This varies from state to state, and moreover from Council to Council. Some Councils don’t get involved at all, some get involved in the kind of laborious detail that can derail the simplicity of Renew style projects. But, in theory, this is what happens:

  1. To use a building legally, it will need to have a Certificate of Use. This is usually buried deep within a council archive or in the filing cabinets of a property owner. Sometimes it exists in theory only. Basically what a Certificate of Use does is legally declare that the building you’re using meets a minimum level of safety, environmental impact, disability access, and local planning and zoning ordinances, for a specific purpose. For example, it can be used for the purposes of retail, or for accommodation, or for offices or as a warehouse. For more detail on these uses, look at the section on building uses as outlined by the Building Code of Australia
  2. If the Building doesn’t have a Certificate of Use, or you want to change its Use to something else (for instance, if you want to turn an office into a music venue), you need to seek approval to do so through the local council. If you don’t, legally you can’t use that building and you can, under state law, be fined or forced to stop using that building. You obtain that approval by applying for Planning and/or Development Approval.

Development Approval usually means Council has approved your use of a building and any changes you might be making to it.

Planning Approval usually means Council has approved that your use of a building suits their local zoning regulations – which covers things like noise, entertainment, parking and so on.

Different councils handle these two things differently.

Unless you absolutely have to, you should avoid going through this process. It’s expensive (sometimes over a $1000), time consuming (it usually takes 4 to 6 weeks) and incredibly annoying.

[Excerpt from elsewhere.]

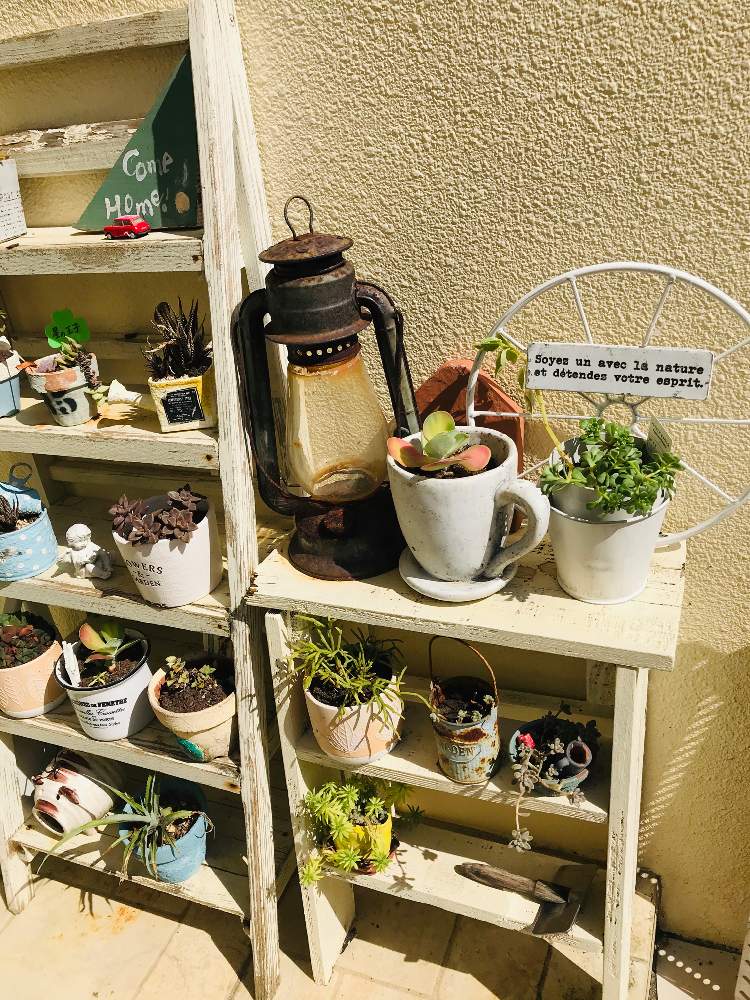 棚の画像 by bu--bu--chanさん | 棚と多肉植物と自宅にてとokinawaと沖縄とオキナワと我が家と庭散策と多肉女子とさぼてんとお庭とおきなわ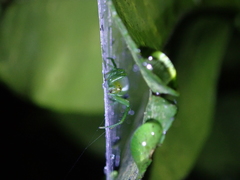 Bijoaraneus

You can usually tell if the building has an existing use by asking the landlord, “So does this space have an Existing Use and what is it? Or will we need to apply for approval through Council?” Alternately, ask around and find out what the space used to be used for and try to use it for roughly the same purpose.

If you can’t find out, technically you should check with your council. But if you’re not doing anything dangerous, different or likely to piss off the local traders, neighbours or so on, it’s often just assumed you have the right to use that space.